§ **Dataset excerpt**:
::::
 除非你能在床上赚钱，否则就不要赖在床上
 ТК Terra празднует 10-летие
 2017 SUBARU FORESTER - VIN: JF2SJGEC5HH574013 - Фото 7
::::
The material is to be written out once more, exactly and in full.

 除非你能在床上赚钱，否则就不要赖在床上
 ТК Terra празднует 10-летие
 2017 SUBARU FORESTER - VIN: JF2SJGEC5HH574013 - Фото 7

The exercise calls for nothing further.